The ongoing cease-fire between the Andhra Pradesh (AP) government and the Left Wing extremist (aka
Naxalites) of the People's War Group (PWG) raises a number of questions. The PWG has remained unwavering in
its ideological commitment to 'class annihilation', to capturing power through revolutionary warfare on the
Maoist pattern, and in its rejection of Parliamentary democracy. This strategy entails building up of bases in
rural and remote areas and transforming them, first, into 'guerrilla zones', and then into 'liberated zones',
even as an area-wise seizure is consolidated, and cities are 'encircled'. Within the theoretical constructs of
its 'people's war' strategy, as well as the PWG's past practices, moreover, negotiations have been used as a
tactic and opportunity for recovery, consolidation and expansion. Under the circumstances, it is not clear
what significant gains the state government expects to secure through a new phase of negotiations.

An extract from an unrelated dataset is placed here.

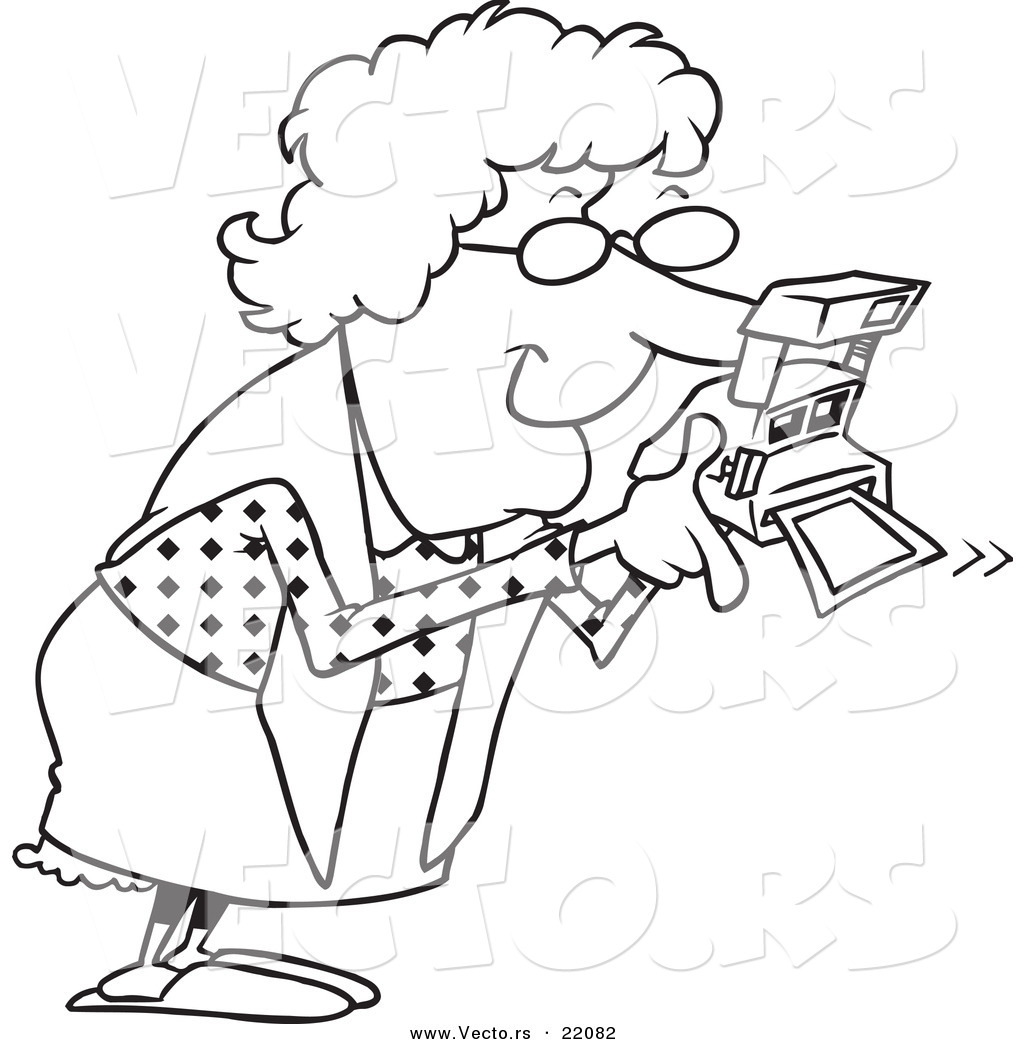 R of a cartoon granny using a polaroid camera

On June 16, 2004, officially, the AP government declared a three-month ceasefire against the PWG, with immediate effect. It also accepted the remaining three PWG proposals - constitution of a supervisory committee, initial dialogue with mediators and final discussions between ministerial representatives and PWG state committee representatives. The official announcement came a day after the PWG state secretary, Ramakrishna, had laid down conditions for taking any steps to initiate talks with the government. The government and the political parties have consistently appealed to the Naxalite groups, especially the PWG, to shun violence and carry out their struggles as partners in the democratic set up. But each time in the past, talks have failed due to lack of faith between the negotiating parties and because of PWG conditionalities.

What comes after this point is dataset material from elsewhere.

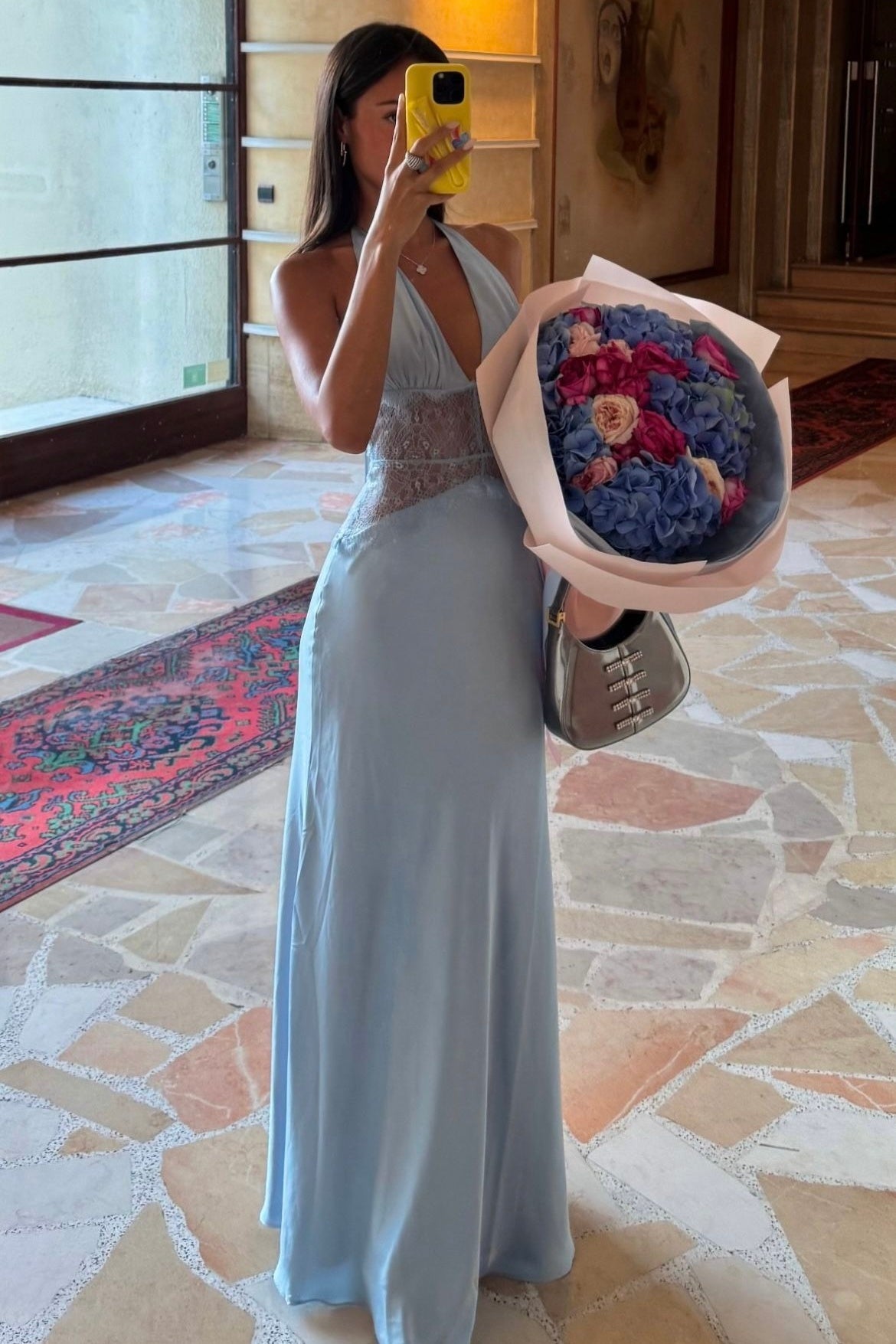 Hot Mermaid Halter Neck Light Blue Long Party Dress with Lace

The process of trying to seduce the PWG back into the 'mainstream' has a long and futile history. N.T. Rama Rao initially adopted a soft approach towards the Naxalites, describing them as desabhaktalu (patriots) and annalu (elder brother) in 1982. The result was that, during the 1983 Assembly election campaign, he secured significant advantage as a result of Naxalite support to his party. After the elections, the Naxalites were given free rein to consolidate their activities, and there was a spectacular surge in their strength. However, by 1985, a series of ambushes of police parties and official convoys had made political accommodation impossible, as did the PWG's escalating demands. A Special Task Force was established and armed police posts were created in the worst-affected areas, as the security forces were given a 'free hand' to deal with the terrorists. By 1989, the Naxalites were in flight under sustained security forces' pressure.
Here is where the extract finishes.